#### Entries supplied

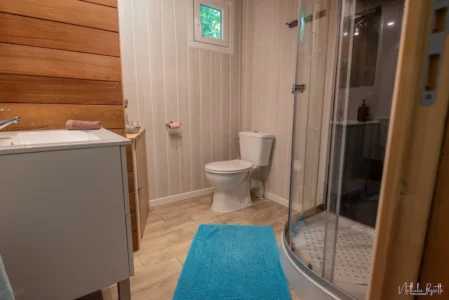 Salle de bain privative du lodge avec douche, toilettes, lavabo et décoration boisée.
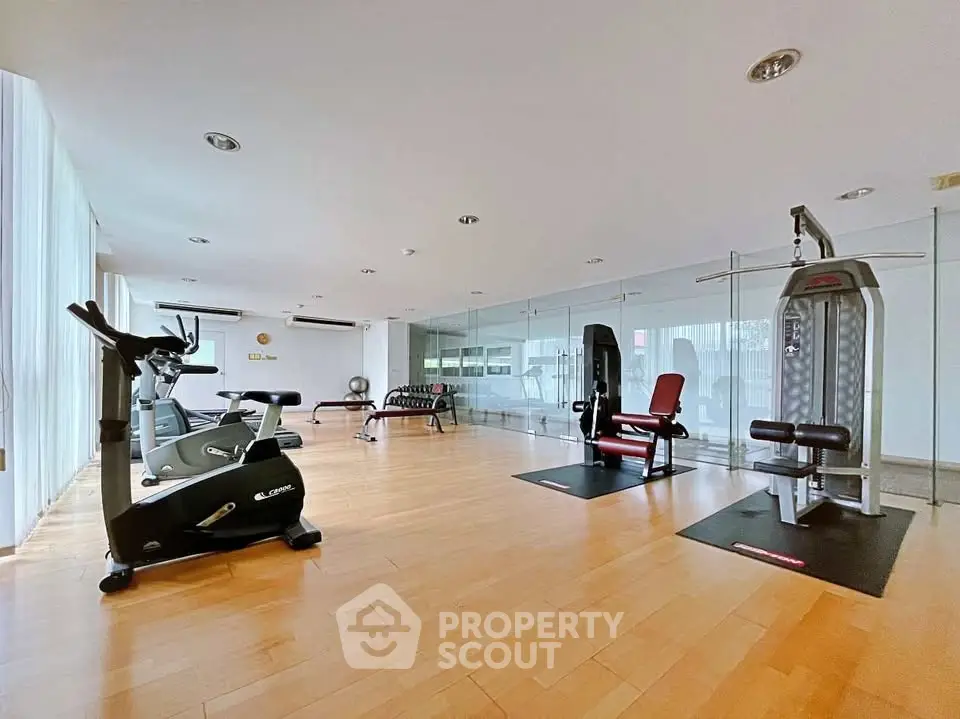 Spacious modern gym with state-of-the-art equipment and wooden flooring in a luxury residential building.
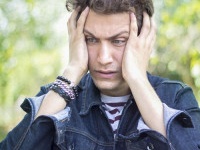 Portrait of frustrated teenage boy against blurred background. Shocked young man standing and holding his head in frustrated position. Blurred background. Horizontal composition. Outdoors shoot. Image edited from Raw format. Young man 18-19 years old. He 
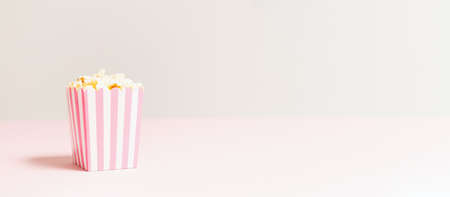 Popcorn bag with white and pink stripes at the light neutral backdrop. Empty minimalistic background. Romantic movie night and snack concept. Banner wide screen formatの写真素材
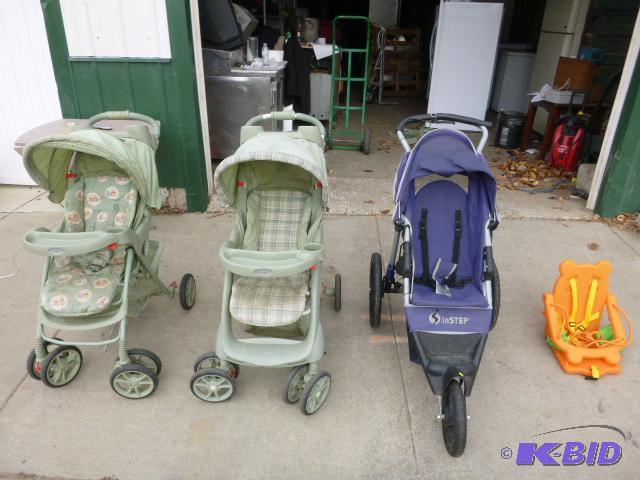 lot 242 image: Three Strollers and a Swing...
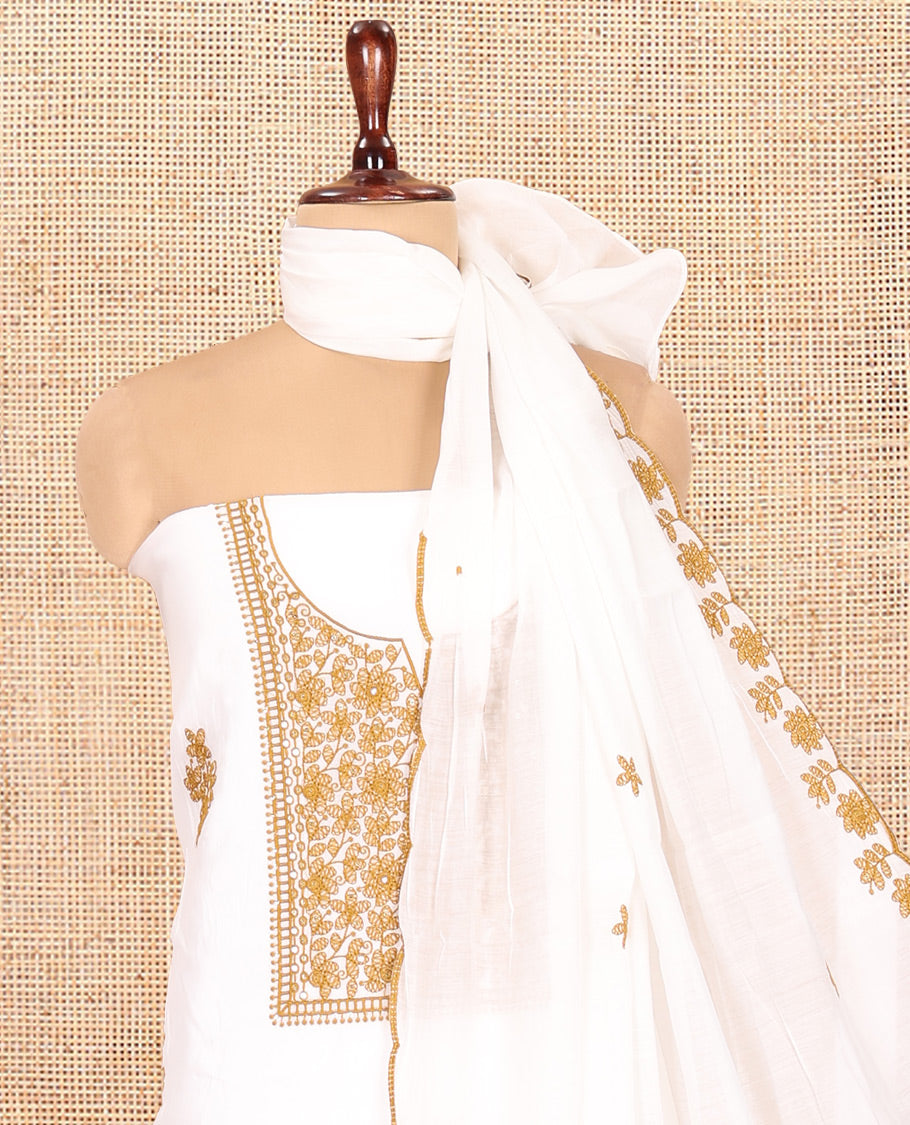 White-Mustard Mul Chanderi Material Churidar Features a Floral-Themed Thread-Embroidered Top, a Plain Santoon Bottom, and Thread Embroidered Dupatta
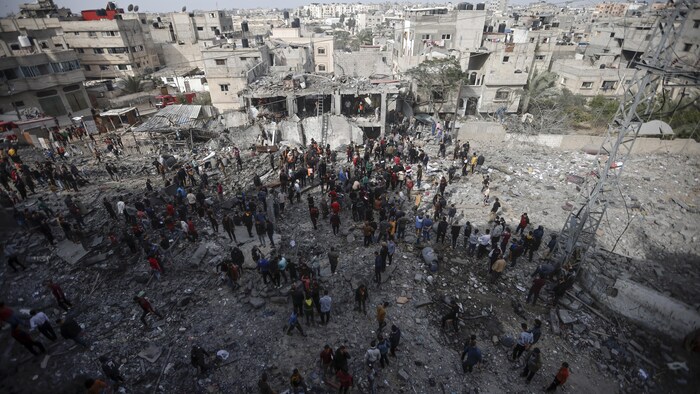 فلسطينيون يتفقدون الدمار الناجم عن قصف إسرائيلي على مخيم خان يونس للاجئين في جنوب قطاع غزة.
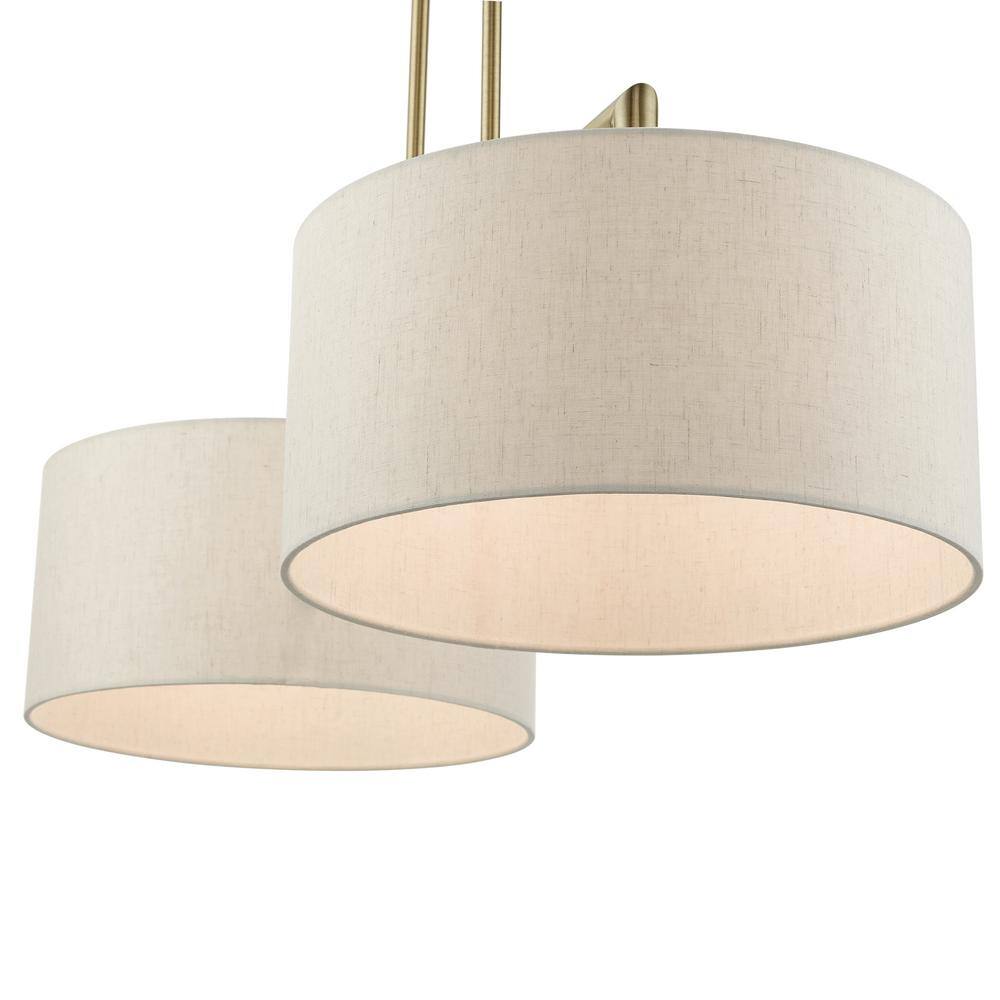 Antique Brass Dual-Light Linear Chandelier with Oatmeal Shades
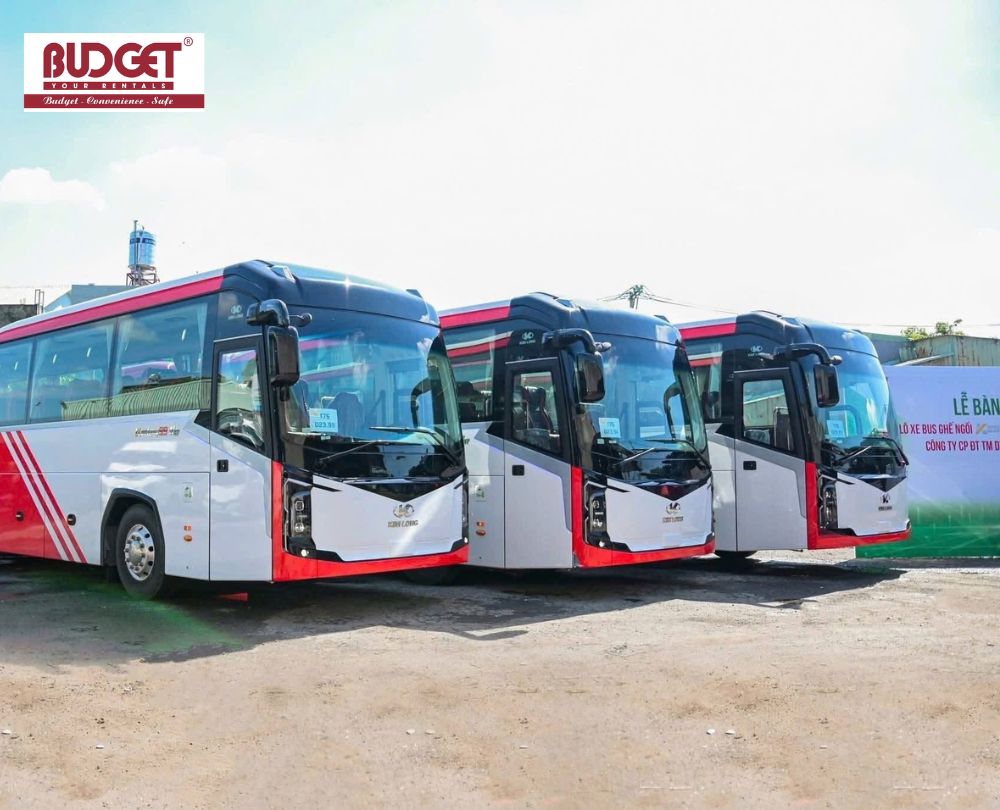 Fleet-of-large-white-and-red-passenger-coaches-lined-up-for-corporate-group-travel-in-Nha-Trang-Vietnam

#### Task item
Could you please return each line of the material exactly, dropping the pictures?

#### Answer
 Salle de bain privative du lodge avec douche, toilettes, lavabo et décoration boisée.
 Spacious modern gym with state-of-the-art equipment and wooden flooring in a luxury residential building.
 Portrait of frustrated teenage boy against blurred background. Shocked young man standing and holding his head in frustrated position. Blurred background. Horizontal composition. Outdoors shoot. Image edited from Raw format. Young man 18-19 years old. He 
 Popcorn bag with white and pink stripes at the light neutral backdrop. Empty minimalistic background. Romantic movie night and snack concept. Banner wide screen formatの写真素材
 lot 242 image: Three Strollers and a Swing...
 White-Mustard Mul Chanderi Material Churidar Features a Floral-Themed Thread-Embroidered Top, a Plain Santoon Bottom, and Thread Embroidered Dupatta
 فلسطينيون يتفقدون الدمار الناجم عن قصف إسرائيلي على مخيم خان يونس للاجئين في جنوب قطاع غزة.
 Antique Brass Dual-Light Linear Chandelier with Oatmeal Shades
 Fleet-of-large-white-and-red-passenger-coaches-lined-up-for-corporate-group-travel-in-Nha-Trang-Vietnam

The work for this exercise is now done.